Since then, Titan has written-down or taken loss allowances relating to these African, Middle Eastern and Asian operations where the illegal acts took place. For the 2Q04 ending June 30, 2004:

(a) Titan recorded an aggregate after-tax loss of $11.4 million pertaining to its long discontinued Titan Wireless, Inc. (“Titan Wireless”) activities in Benin, Africa including a full allowance for the $14.351 million remaining on a receivable for the Benin contract, and $2.3 million (after-tax) relating to a contingent liability with a subcontractor on the project;

(b) Titan took approximately $10 million in charges pertaining, in part, to impairment of two large computer systems in Saudi Arabia, and, in part to termination of a program by an undisclosed “civilian government agency” (most likely the Federal Aviation Administration (“FAA”));

(c) Titan recognized approximately $5 million in losses resulting from its contract in Saudi Arabia for a National Identification Card Project (“National I.D. Card Project”); and

(d) Titan recorded an after-tax loss of $24.6 million related, in part, to discontinued operations of its Datron World Communications (“Datron”) division in Asia, mostly to “goodwill” and “fixed asset values not expected to be recovered.”
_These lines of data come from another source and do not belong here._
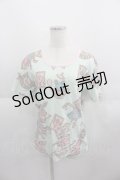 MALKOMALKA / 不思議の国のアリスモチーフTシャツ  ミント I-25-06-01-036-PU-TS-HD-ZI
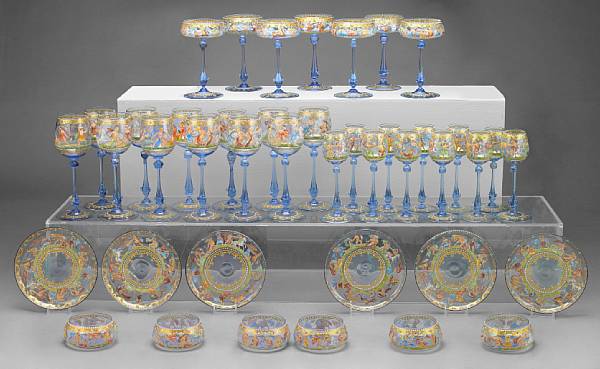 Appraisal: A suite of Venetian enamel decorated glassware early th century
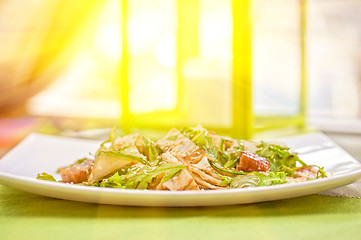 Image showing Salad with smoked eel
Most recently, Titan has settled a complaint filed by the SEC for almost $30 million for resolution of the government’s FCPA investigations – one of the biggest FCPA penalties ever.

Defendants’ misconduct throughout the Class Period was designed to perpetuate the perception of Titan as a company that was poised for continued growth and whose stock would soon be acquired by Lockheed at a substantial premium to its pre-merger announcement trading price. The statements made by defendants during the Class Period were each false and misleading when made. The true facts, known only to defendants, were that by means of defendants’ undisclosed, improper and illicit practices  Titan and defendants:

(a) Inappropriately inflated revenue and accounts receivables, and failed to timely write-off assets, in violation of GAAP ;

(b) Violated the FCPA, in violation of 15 U.S.C. §§78dd-1, et seq., and Titan’s own publicly stated Code of Ethics ostensibly designed to assure the investment community that Titan would not violate these laws;

(c) Made Titan’s financial results look better than they actually were prior to and during the Class Period;

(d) Exposed Titan to huge civil and criminal penalties for its unlawful conduct, the potential liability of which was not adequately reserved for or disclosed in the Company’s audited financial statements;

(e) Successfully negotiated a merger with Lockheed on favorable terms and kept Lockheed bound to the merger contract through the end of the Class Period; and (f) Falsely denied any illegal or wrongful conduct.